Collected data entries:
..........
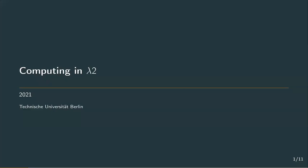Hello, and welcome back to the second part of the polymorphic lambda calculus. In this video, we're going to take a look at the computational power of this system.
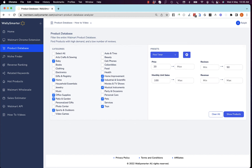Let's begin. You can select which category you wish to find products in, and choose the price, the reviews, and the monthly unit sales that you want those products to fit in. But we create presets for you.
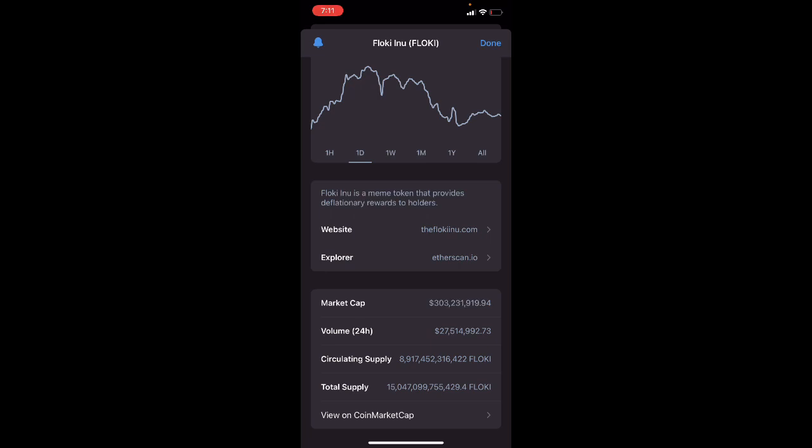Floki does have projects in the Floki ecosystem, one being Valhalla. Valhalla aims to disrupt the GameFi industry with a fun-first philosophy and addictive gameplay. You can create your own NFT character and capture NFT Vera in the open world.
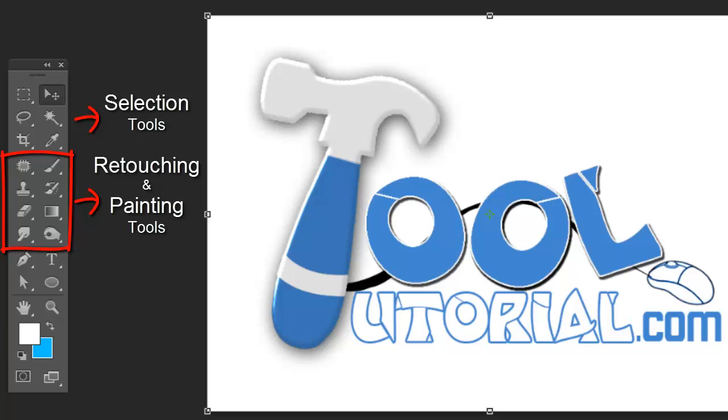Blur, clone stamp, patch, spot healing, and many more retouching tools are very useful for retouching photographs or removing unwanted marks.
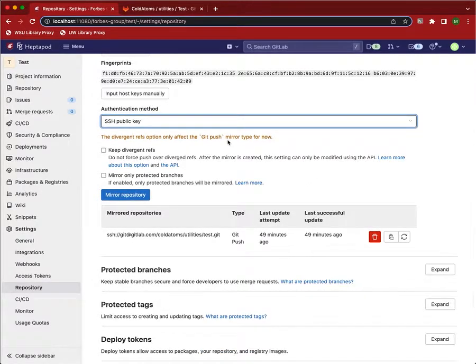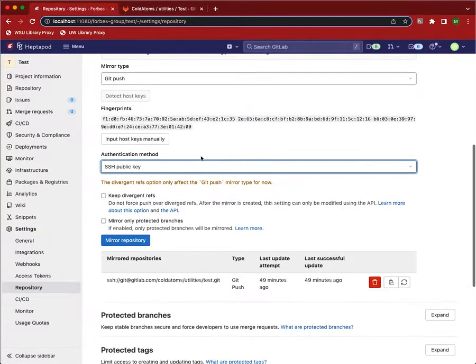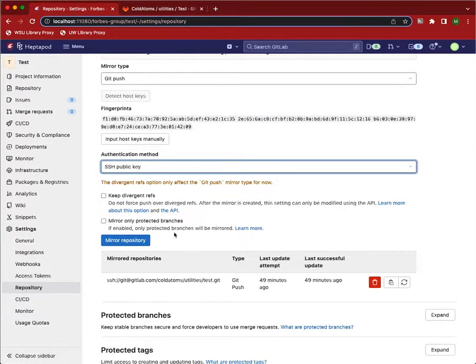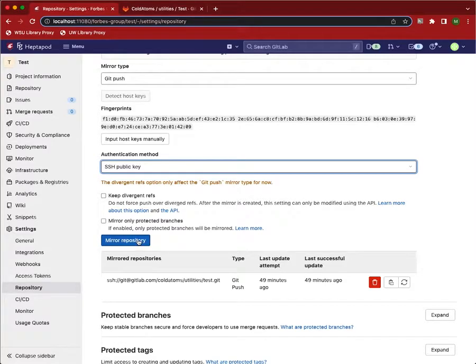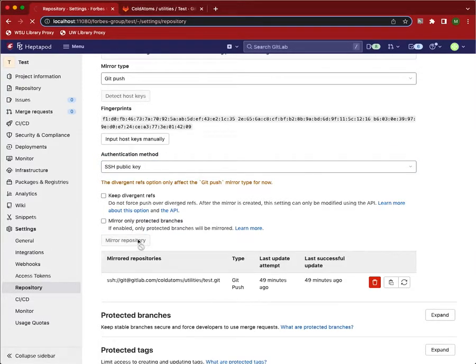And so we'll need to set that up in a second. And now that's all we need to do. So we are going to click Mirror Repository.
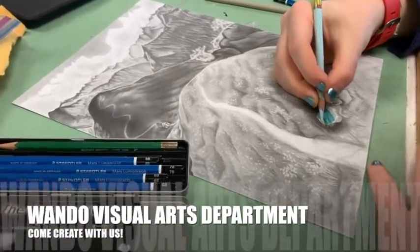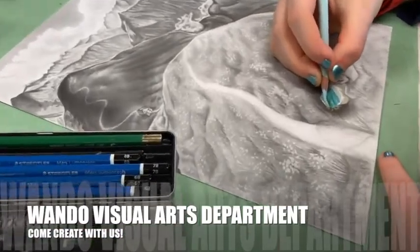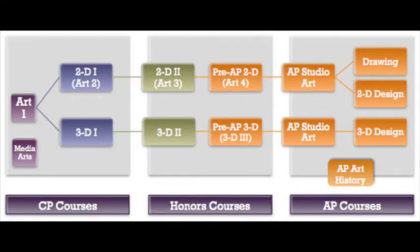As a department, we offer a broad range of classes from college prep to honors to advanced placement art. These courses incorporate traditional art forms such as drawing, painting, printmaking, and sculpture, as well as digital media.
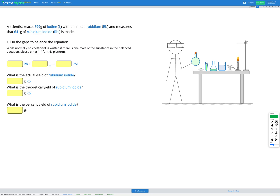In this question, a scientist reacts 599 grams of iodine (I₂) with unlimited rubidium (Rb), and measures that 641 grams of rubidium iodide (RbI) is made.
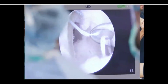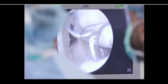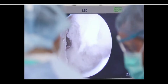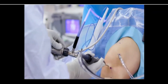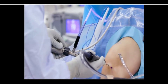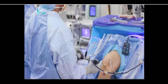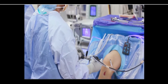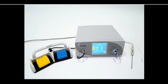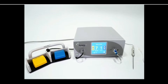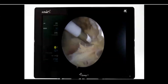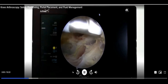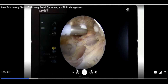To perform knee arthroscopy, the surgical team needs an arthroscopic imaging system, a fluid management system to control intra-articular fluid pressure and provide an aqueous environment, and consoles to power various arthroscopic instruments such as a shaver handpiece or radiofrequency probe for resecting tissue.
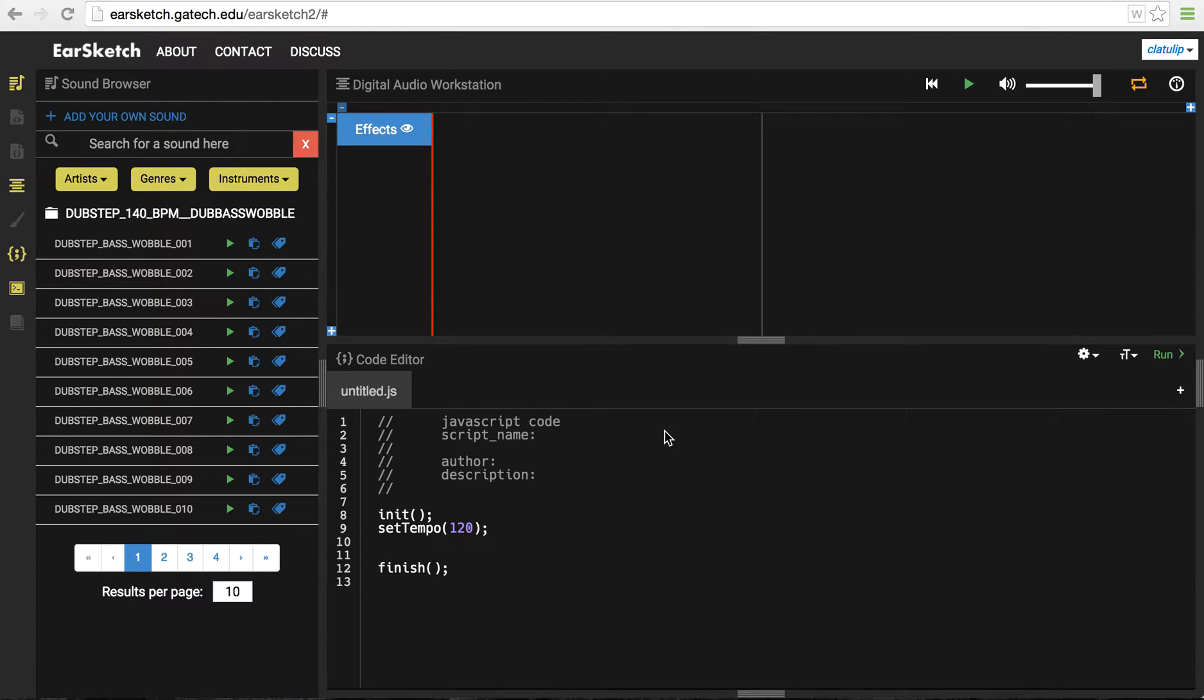I'm Celine LaTulip and today I'm going to talk to you about this great web-based application called EarSketch, which allows you to make music by coding. To get started, I'm going to give you a little tour of the interface and then we'll actually make a little bit of music.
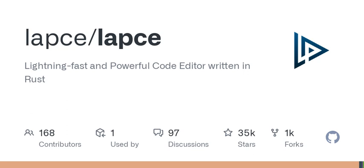It actually incorporates something called rope science from the Xi editor. Now, I know what you're thinking — what on earth is rope science? It's essentially a data structure that helps manage large amounts of text efficiently. This means that when you're working on a hefty project with lots of files and code snippets, LAPS won't slow you down.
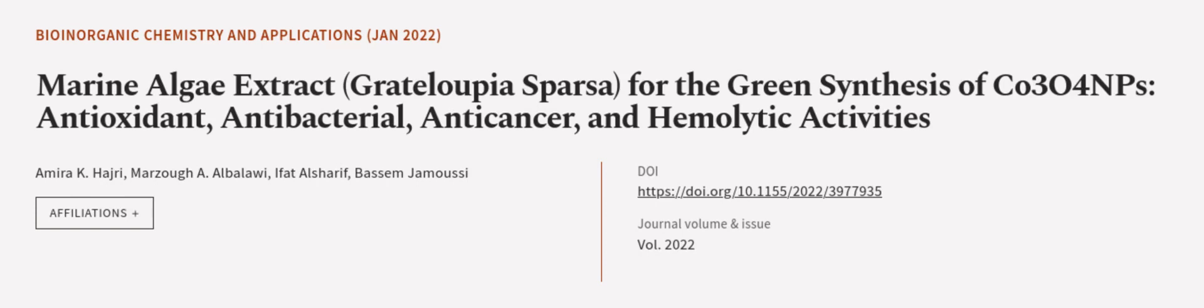This article was authored by Amira K. Hadri, Marzo A. al-Balawi, Ifat al-Sharif, and others. We are article.tv, links in the description below.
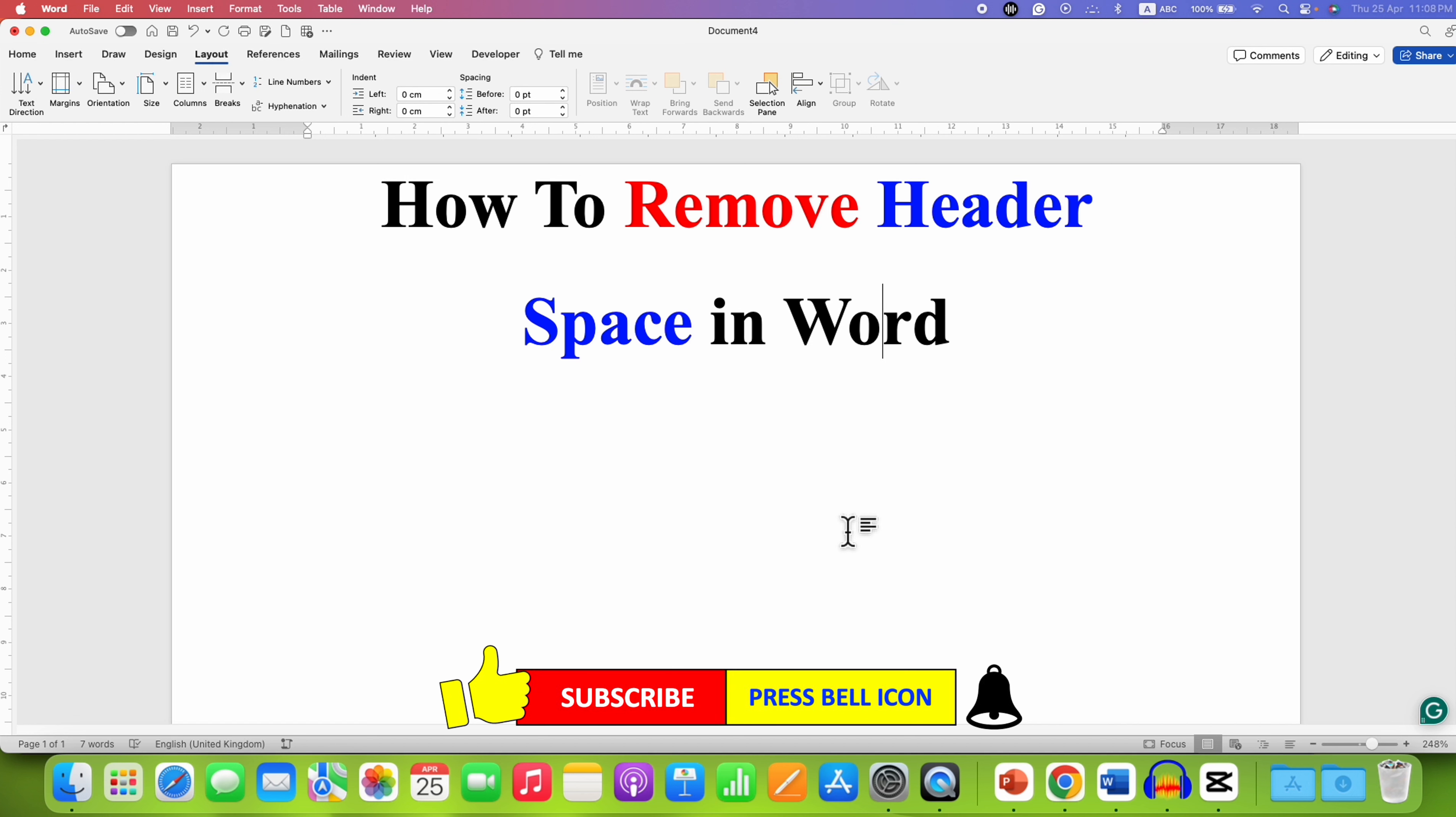And don't forget to subscribe and press the bell notification icon if you want to learn more about Microsoft Word quickly. See you again in the next one.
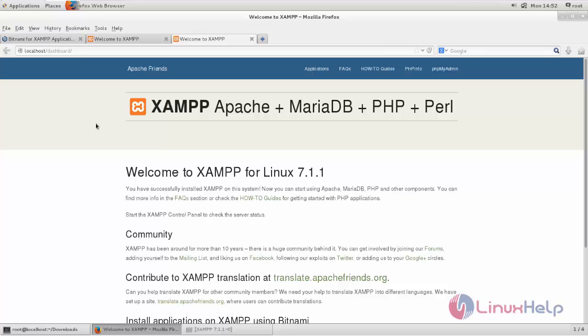This is how we can install XAMPP on CentOS 7. Hope this video is helpful for you. Thank you for watching.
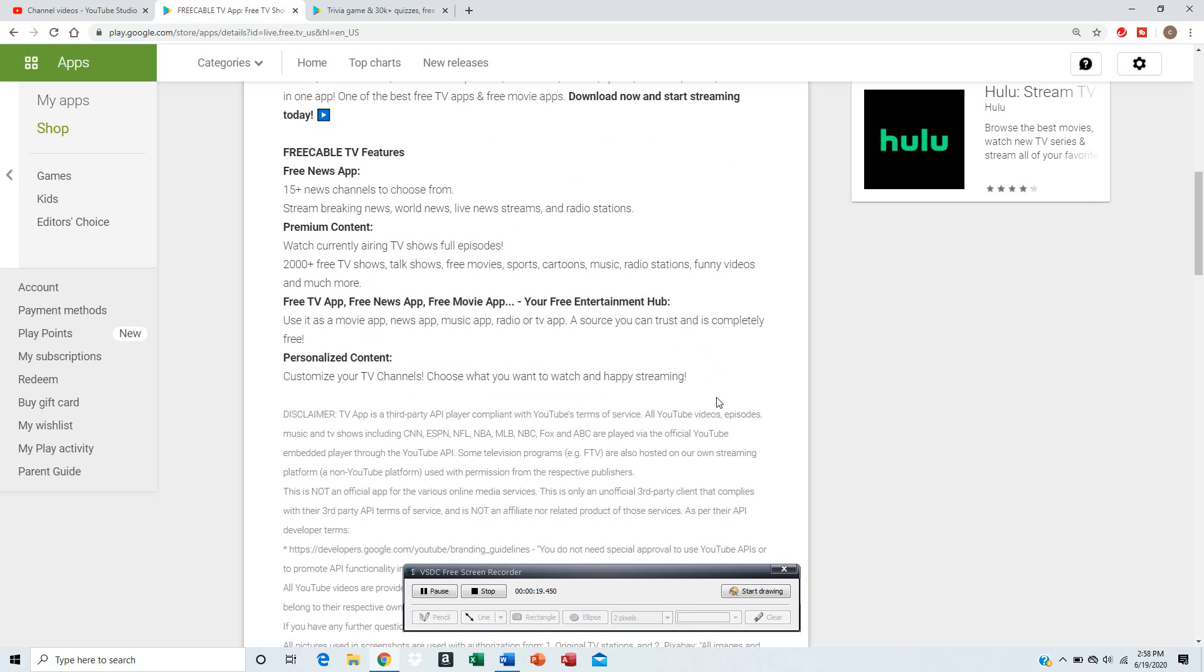If you want premium content, you'll have to spend like ten dollars a month extra to get full TV show episodes airing at current times, like live.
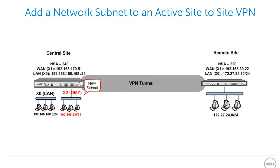This network diagram shows the setup we used for this video tutorial. We have two networks, Central Site and Remote Site. On Central Site, we have an NSA240 with a primary WAN interface IP of 192.168.170.51. It has a LAN network in 192.168.168 subnet with a 24-bit netmask.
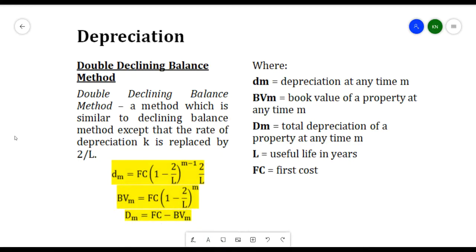The Double Declining Balance method is similar to the Declining Balance method, except that the rate of depreciation k is replaced by 2 over L. We have the formula: dm is equivalent to FC times (1 minus 2 over L) raised to (m minus 1) times (2 over L). We also have BVm — the book value at any time m — which is equivalent to FC times (1 minus 2 over L) raised to m.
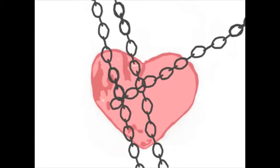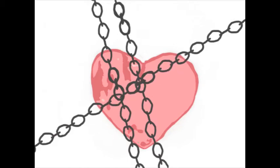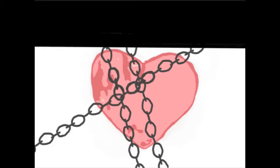And what shoulder and what art could twist the sinews of thy heart? And when thy heart began to beat, what dread hand and what dread feet?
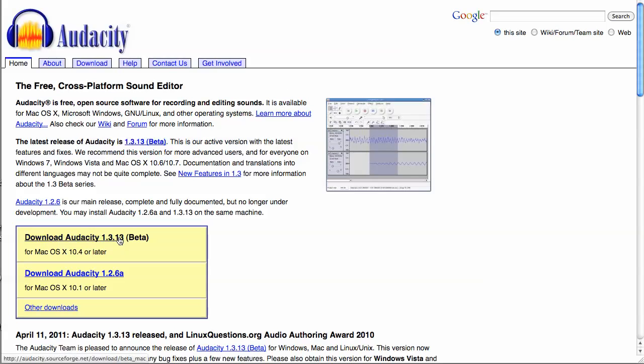You download the most recent version, which is 1.3.13. Don't worry about the beta part of that because that's just the most recent version. The older version had some bugs in it.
..........
## [TASK TO COMPLETE]
Repeat the records above exactly, from the first line through the line containing "Blur, clone stamp, patch, spot", and leave out the pictures.

## [RESPONSE FOR THIS EXERCISE]
Hello, and welcome back to the second part of the polymorphic lambda calculus. In this video, we're going to take a look at the computational power of this system.
Let's begin. You can select which category you wish to find products in, and choose the price, the reviews, and the monthly unit sales that you want those products to fit in. But we create presets for you.
Floki does have projects in the Floki ecosystem, one being Valhalla. Valhalla aims to disrupt the GameFi industry with a fun-first philosophy and addictive gameplay. You can create your own NFT character and capture NFT Vera in the open world.
Blur, clone stamp, patch, spot healing, and many more retouching tools are very useful for retouching photographs or removing unwanted marks.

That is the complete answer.